O avanço acelerado da inteligência artificial generativa trouxe à tona um dos maiores dilemas jurídicos do século 21: a possibilidade de máquinas serem reconhecidas como autoras de obras intelectuais. O debate central gira em torno do cientista norte-americano Stephen Thaler, que busca o registro de obras criadas por seu sistema de inteligência artificial, o DABUS, desafiando jurisdições internacionais e levantando questões fundamentais sobre a necessidade da centelha humana para a proteção legal de criações artísticas e tecnológicas.
De acordo com informações do portal jurídico ConJur, o desenvolvimento dessas tecnologias tem provocado reflexões profundas sobre os limites da Lei de Direitos Autorais e a definição jurídica de criador. Nos Estados Unidos, o caso ganhou ampla repercussão quando a juíza federal Beryl Howell manteve a decisão do Escritório de Direitos Autorais (US Copyright Office), afirmando que a autoria humana é um requisito inegociável para a concessão de copyright. A decisão judicial ressalta que, historicamente, o arcabouço jurídico foi desenhado para proteger o esforço criativo de pessoas físicas, não algoritmos ou sistemas de processamento autônomo.
O que define o caso Thaler no Direito Autoral?
O caso refere-se às tentativas persistentes de Stephen Thaler de registrar obras visuais e patentes em nome de sua inteligência artificial. Thaler argumenta que o sistema gerou a obra de forma autônoma, sem intervenção humana direta, e que a proteção legal deveria ser estendida para incentivar a inovação tecnológica no setor privado. No entanto, tribunais em diversas partes do mundo, incluindo Reino Unido e Estados Unidos, negaram o pedido sistematicamente.
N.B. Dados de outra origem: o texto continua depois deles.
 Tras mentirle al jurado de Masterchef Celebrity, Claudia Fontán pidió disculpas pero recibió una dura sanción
O entendimento consolidado nas decisões judiciais é que a inteligência artificial carece de personalidade jurídica, vontade própria e capacidade criativa no sentido legal do termo, o que impede a atribuição de direitos de propriedade a uma máquina.
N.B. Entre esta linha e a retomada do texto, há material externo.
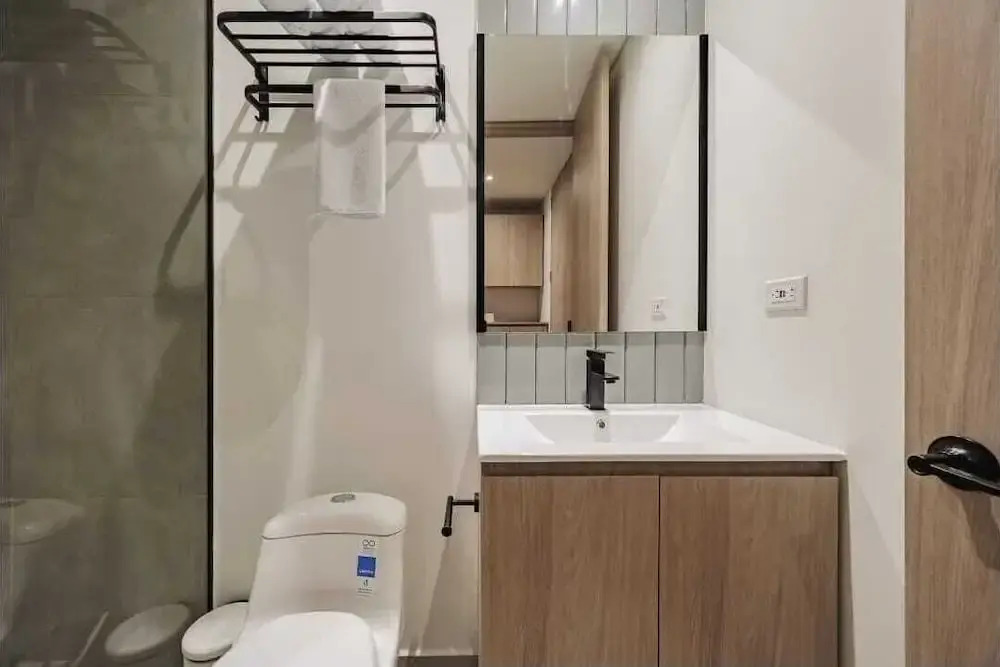 Apartamento 202 Q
Como a legislação brasileira trata a inteligência artificial e dialoga com o caso?
No Brasil, a Lei 9.610/98, que rege os direitos autorais, é explícita ao definir que o autor é a pessoa física criadora da obra literária, artística ou científica. A legislação nacional não prevê, em nenhum de seus dispositivos, a atribuição de direitos a entes não humanos, o que indica que uma tentativa semelhante à de Thaler enfrentaria a mesma rejeição no país. Embora o Brasil discuta atualmente o Marco Legal da Inteligência Artificial (Projeto de Lei 2338/2023) no Senado Federal, a tendência do Poder Judiciário segue o padrão internacional de exigir a participação humana substancial para que uma produção receba proteção legal. Sem essa participação, a obra corre o risco de cair diretamente em domínio público, o que gera insegurança jurídica para empresas que investem milhões no desenvolvimento de tais ferramentas.
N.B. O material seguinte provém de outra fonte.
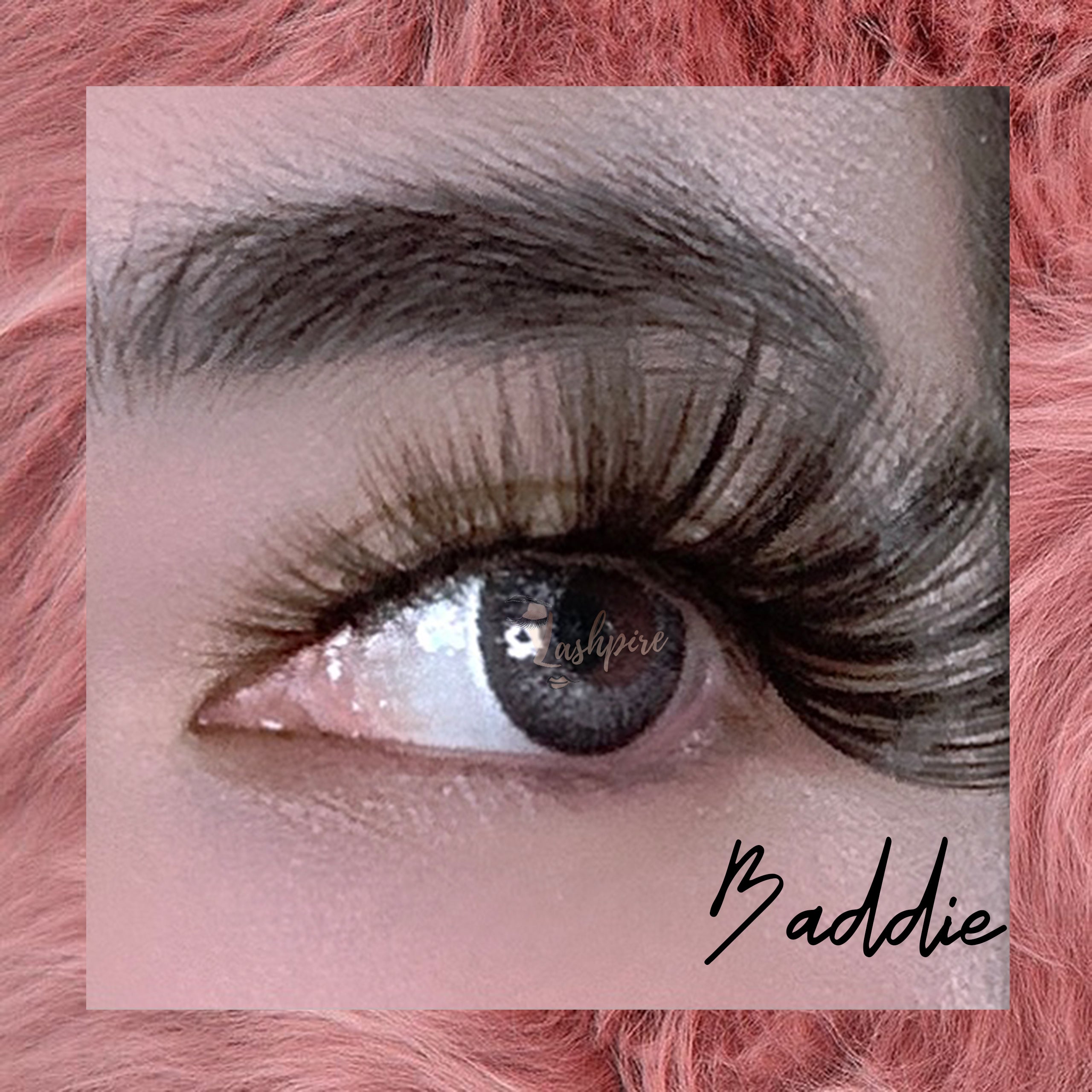 Baddie - Lashpire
Quais são os impactos para a indústria criativa global e nacional?
A incerteza sobre a proteção de obras geradas por inteligência artificial impacta diretamente empresas de tecnologia, agências de publicidade, estúdios de cinema e artistas independentes, tanto no exterior quanto no mercado brasileiro. Se uma obra não pode ser registrada, ela perde o valor comercial de exclusividade, afetando as estratégias de monetização e licenciamento. Os principais fatores de atenção para o setor jurídico incluem:
- A necessidade de documentar rigorosamente a intervenção humana em cada etapa do processo criativo;
- O risco de plágio e infração de direitos autorais preexistentes por modelos de treinamento de dados;
- A definição de responsabilidade civil em casos de danos ou violações causadas por algoritmos;
- O debate sobre a criação de incentivos financeiros específicos para desenvolvedores de sistemas generativos.
Especialistas apontam que, enquanto a tecnologia evolui em ritmo exponencial neste cenário de 2026, o Direito tende a adotar uma postura mais cautelosa para evitar a erosão do conceito de dignidade e criatividade humana. A discussão sobre o caso Thaler é considerada apenas o estágio inicial de uma transformação institucional que exigirá novas interpretações jurídicas e, possivelmente, a criação de direitos conexos específicos para produções híbridas entre humanos e máquinas.